If you’re preparing to welcome your child home through adoption, there are some very practical things you can do to help smooth your child’s transition home. The following ideas may be a help to you in the period surrounding placement:
If at all possible, send photos of your home and family to your child prior to placement. This will aid in helping to ease the uncertainties that are inherent in such a large transition. Make sure to mark each photo with the names of each family member or room so that caretakers can accurately interface with your child on the photos. Suggested photos would include immediate family members, the outside of your house, play area/yard, shared family space, their bedroom and their bed. It can also be a help to send a blanket or stuffed animal that appears in the photos you send (to ensure against loss, buy a set of two…one is sent during the wait and the other one waits at home for their arrival).
Since you will most likely have time with your child in their birth country before returning home, find out as much as possible about how they like to play. Take them to the park and watch them have fun. Once you are home, try to recreate this same type of play once you’re home. If you are able to visit the orphanage or foster home during your travels where your child received care, ask questions about their schedule and preferences on play if possible.
Take some time to research what type of diet your child was accustomed to before you travel. If you are able to visit the home or orphanage where your child received care, ask your child’s caregivers about their specific diet and preferences. When eating out during your adoption trip, buffets can also be a very helpful resource as you learn their likes and dislikes in foods. Once home, take time to ease them into your home cuisine, trying to include foods that are familiar to them. Keeping a few known “likes” always at hand for snacks or meals can help reassure a child that they have food security in your care. Learn to make a few simple dishes from their culture or grab carryout from a restaurant that has familiar cultural dishes. This can be a treat for everyone and will help reassure your child.
The homecoming experience itself can be overwhelming for both the child and the parents. After hours and hours of traveling, it might be difficult for you to entertain extended family members and friends while also caring for the needs of your new child. With the transition in caregivers, foods, schedule, sights, sounds, etc. continuously in play for a child transitioning into their new family, the added sensory intake of navigating the attention of strangers can initially feel overwhelming to the child. Postpone visits for a few days while you recover from jet lag, allowing your child to make their initial transition home at their own pace.
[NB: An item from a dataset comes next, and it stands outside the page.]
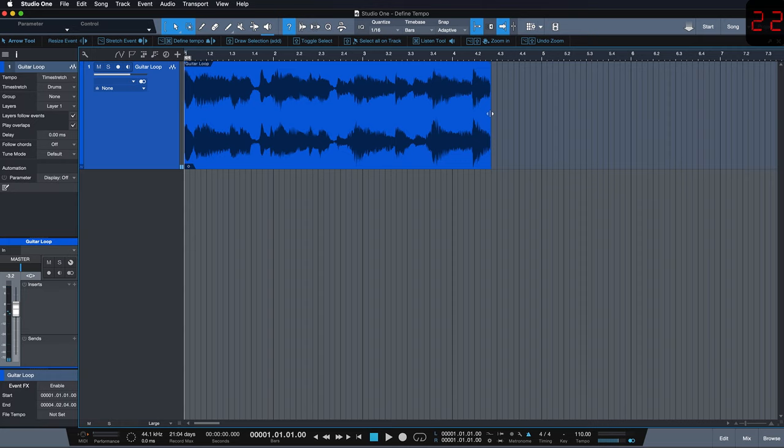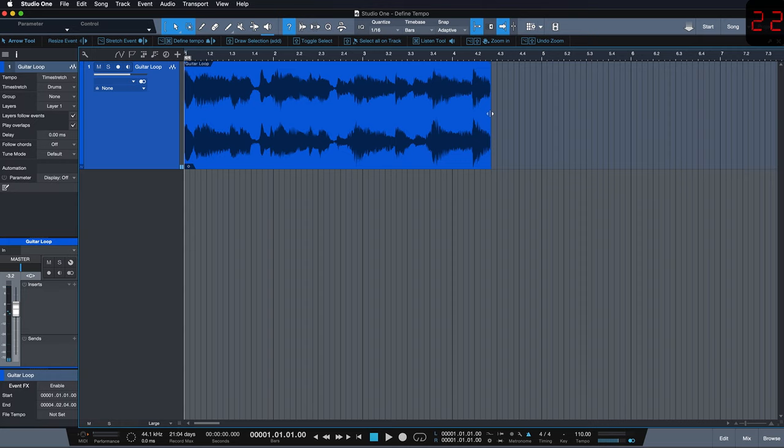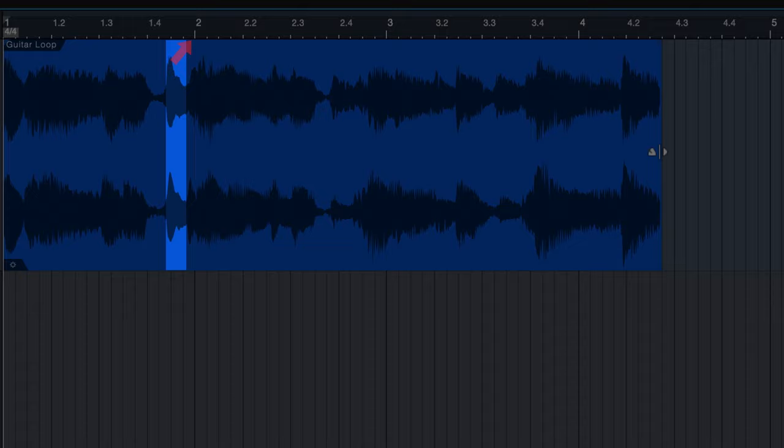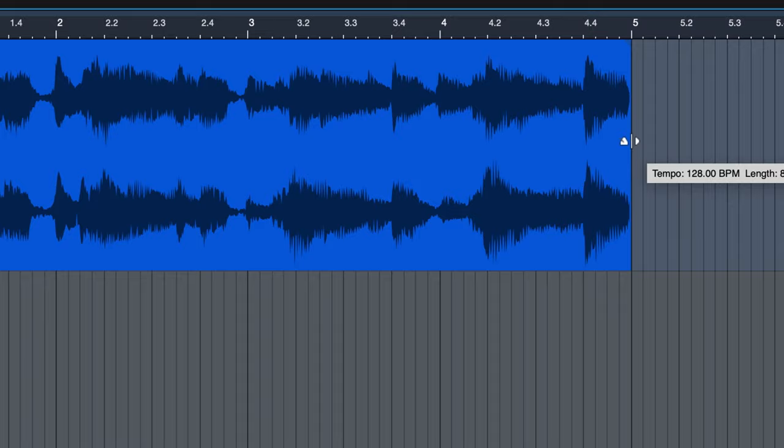What we have to do then is navigate to the end of our event and while holding down CMD and OPTION on a Mac or CTRL and ALT on a Windows PC, simply drag the beginning of the second bar in the loop to the second bar of our arrangement. Then we see the correct bpm, in our case 128, displayed on the right.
For ideas on how to invite your friends and family into this process, read this sample letter.
At first, time differences and jet lag can wreak havoc with your schedule and routine, but make sure that you start moving in the direction of your regular bed times, meal times, play times, prayer times – whatever is the norm for your family – as soon as possible. Not only will the routine help your child’s transition, it will also help the rest of the family adjust to their new normal.
At least for the first few nights, sleep in close proximity to your child. It’s best to be close in case they have a nightmare, need to use the bathroom, or need a drink of water. Keep in mind that every aspect of your child’s life changed the moment they entered your family, so expect some bumps along the way.
The separation from the familiar as well as the fear of the unknown can cause children to react in different ways. The best thing to do in situations where the child is grieving for the familiar is to pray for comfort and let the child lead. If they need to be held, sung to, or just left alone for a bit, try to be sensitive to it. It takes time.
Since language can be an issue early on, try watching cartoons or children’s movies in which the dialogue is minimal. Practice some basic phrases in their native language to help make the initial transition easier. There are also a number of translation apps that can be a great help early on in the language learning process!
It’s important to take care of yourself too! Even if it means waiting until the kids are in bed, fixing a snack, and finding a relaxing way to unplug! Carving out time to recharge will pay dividends not only for you but also for your entire family.
For children transitioning home from abroad or who have been living in institutions, visits to Disneyland, sporting events, or large parties can be overwhelming and even scary! Let these types of events fit more naturally into your schedule at a later time.
While discipline is certainly important, flexibility in the early days is wise. This is especially important because it is possible that children will not have experienced consistent, loving discipline in their former environment. Additionally, the language barrier may not allow them to fully understand why they are being corrected. Utilize resources from Show Hope’s partnership with Empowered to Connect and consider attending an Empowered to Connect conference near you (or join us for the LIVE simulcast on April 10-11!).
Most importantly, pray as individuals, as a couple if you are married, and as a family for your new child. Pray for patience and wisdom. Pray that your child will find their identity in the One who has loved them from the start.